Melt 2 tablespoons butter in a large soup pot and add 1 chopped onion, 2 minced shallots and 2 minced cloves of garlic.
Cook at low heat for 3 minutes and add the mussels along with 1 cup white wine. Season with a bay leaf and 4 sprigs of thyme. Cover, raise the heat to high and cook until the mussels begin to open.
Remove the cooked mussels with tongs or a slotted spoon as they open and set them in a warm place. Strain the juices into a bowl and let the sediment settle.
Pour the clear juices into a small saucepan and bring to a boil, letting them reduce by one quarter. Swirl in 2 tablespoons cold, unsalted butter and pour over the mussels in shallow soup dishes. Accompany with a fresh baguette.
Makes 4 small portions.
Belgian Endive Salad
Trim 2 heads of Belgian endive and rinse in cold water. Dry in a salad spinner, wrap in paper towels and refrigerate.
Peel 2 golden delicious apples and cut into quarters. Remove the cores and slice the apples into thin wedges. Toss in a bowl with the juice of 1 lemon and refrigerate.
Combine in a small Mason jar 2 tablespoons minced shallots, 1 tablespoon red wine vinegar, 1 tablespoon apple cider vinegar, 2 tablespoons olive oil and a teaspoon of Dijon mustard. Season with 1/4 teaspoon salt and a pinch of pepper. Shake vigorously and set aside.
At service time, slice the endive crosswise into half-inch pieces and toss with the apples, 1/4 cup chopped parsley and the dressing.
Marinate 2 pounds of beef stew meat (preferably chuck) overnight in 1 bottle of dark beer (I used Black Duck Porter from Greenport Harbor Brewing Co.), 4 minced cloves of garlic and 2 bay leaves.
The next day, drain into a bowl, reserving the marinade. Pat the beef dry with a paper towel.
Place 1/2 cup flour in a bowl with 1 teaspoon kosher salt and 1/2 teaspoon pepper. Dredge the meat in this mixture and set aside.
Cut 4 ounces of salt pork into slices and remove the rind. Dice the salt pork and blanch in boiling water for 2 minutes.

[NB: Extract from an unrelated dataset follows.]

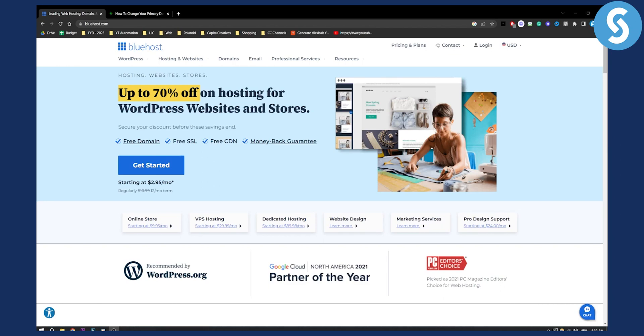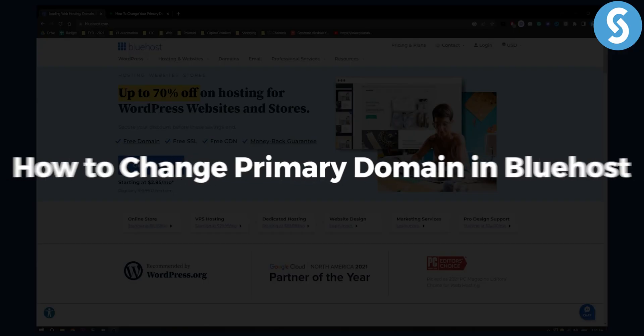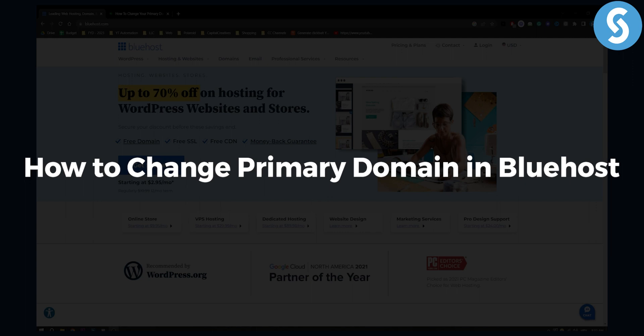Hello everyone, welcome to another video. In this video, I'll show you how to change the primary domain in Bluehost.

Heat a dutch oven, drain the salt pork and add it to the pot. Let it brown on medium heat and remove with a slotted spoon.

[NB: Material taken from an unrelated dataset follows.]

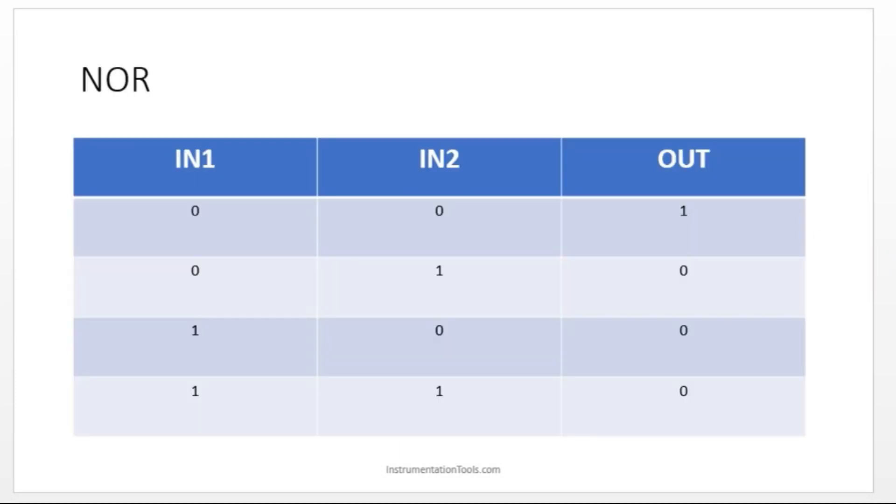Let's move on to the NOR gate. This is the truth table for NOR gate, when both the inputs are off, output have to be ON.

Adjust the heat to high and brown the beef in small batches on all sides. Add canola oil to the pan if it becomes too dry.
Remove the meat and reduce the heat to low. Add to the pot 2 sliced leeks (white part); 1 large onion, sliced; 2 carrots, diced; and 2 minced cloves of garlic. Cook until vegetables are soft, then stir in 2 tablespoons tomato paste.
Add back the beef along with the strained marinade and bring to a boil, scraping the bottom of the pan with a wooden spoon.
Add 2 cups beef stock and a bouquet garni consisting of 8 parsley stems, 6 sprigs of thyme, a leafy celery stalk and 2 bay leaves.
Cover the dutch oven and place in a 300-degree oven. Let it cook until the meat is very tender, about 2 hours.
Before serving, stir in 1 tablespoon Dijon mustard and 2 tablespoons apple cider vinegar. Add 1 teaspoon ground pepper and taste for salt. Garnish with 1/4 cup chopped parsley.
Note: Accompany this stew with the dark beer it was cooked in or a North Fork merlot.
Smashed Red Potatoes
Remove blemishes from 6 red-skinned potatoes and cut them into quarters. Add them to 2 quarts salted water and cook until tender, about 20 minutes.
In a steamer pan, steam 2 cups chopped cabbage and 4 cups kale. Rinse the kale and squeeze out the moisture with your hands before chopping it finely.
Chop 1 bunch of green onions.
Mash the potatoes with a hand-held potato masher and stir in the cabbage, kale and onions. Add a tablespoon of butter and salt and pepper to taste.
Purchase 1 pineapple, 1 package of strawberries, 1 melon and a few bananas. Trim and cut them into 2-inch or bite-size chunks.
In a double boiler, heat 1/2 cup heavy cream. Cut up 8 ounces of bittersweet dark chocolate and add it to the cream. Add 1 tablespoon amaretto liqueur and stir with a wooden spoon.
Remove the chocolate mixture from the heat and scrape it into a small, heat-proof serving dish.
Place the fruit in separate small dishes and use skewers to dip the fruit into the chocolate.
Note: Back in the ’70s and ’80s, everyone had a fondue set but most of them were disposed of long ago. If you still have one, use it, but if you don’t you can improvise as I did with no negative effects. Just put the chocolate in a warm oven before serving.